Information shown
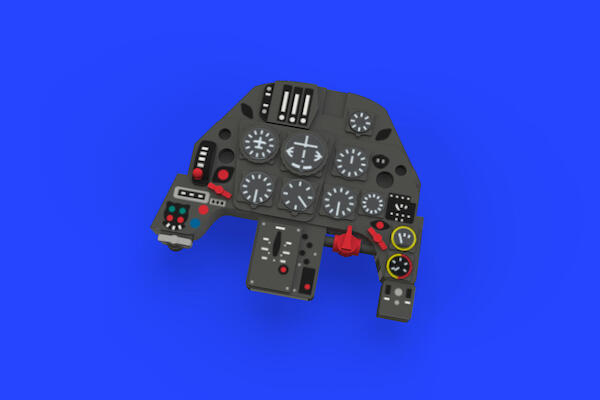 Messerschmitt Bf109G-4 Löök Instrument Panel and seatbelts (Eduard) E674005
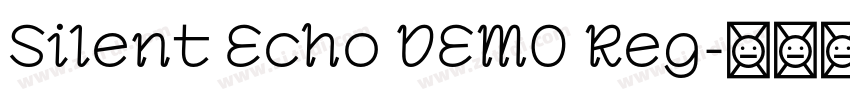 Silent Echo DEMO Reg字体转换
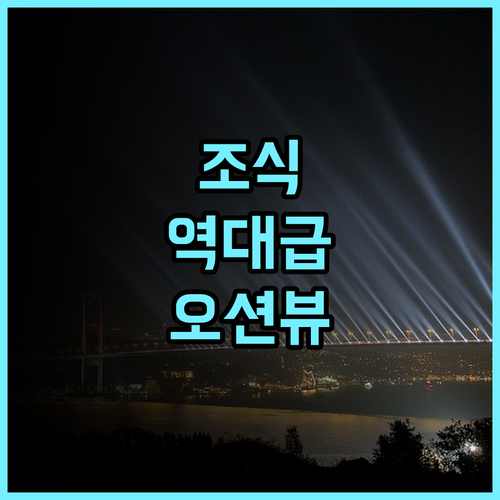 래디슨 블루 보스포러스 호텔 추천 오르타쾨이 중심에서 즐기는 최고의 조식과 오션뷰 후기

Work task
Omit the pictures and write out the remaining data exactly.

Solution for this exercise
 Messerschmitt Bf109G-4 Löök Instrument Panel and seatbelts (Eduard) E674005
 Silent Echo DEMO Reg字体转换
 래디슨 블루 보스포러스 호텔 추천 오르타쾨이 중심에서 즐기는 최고의 조식과 오션뷰 후기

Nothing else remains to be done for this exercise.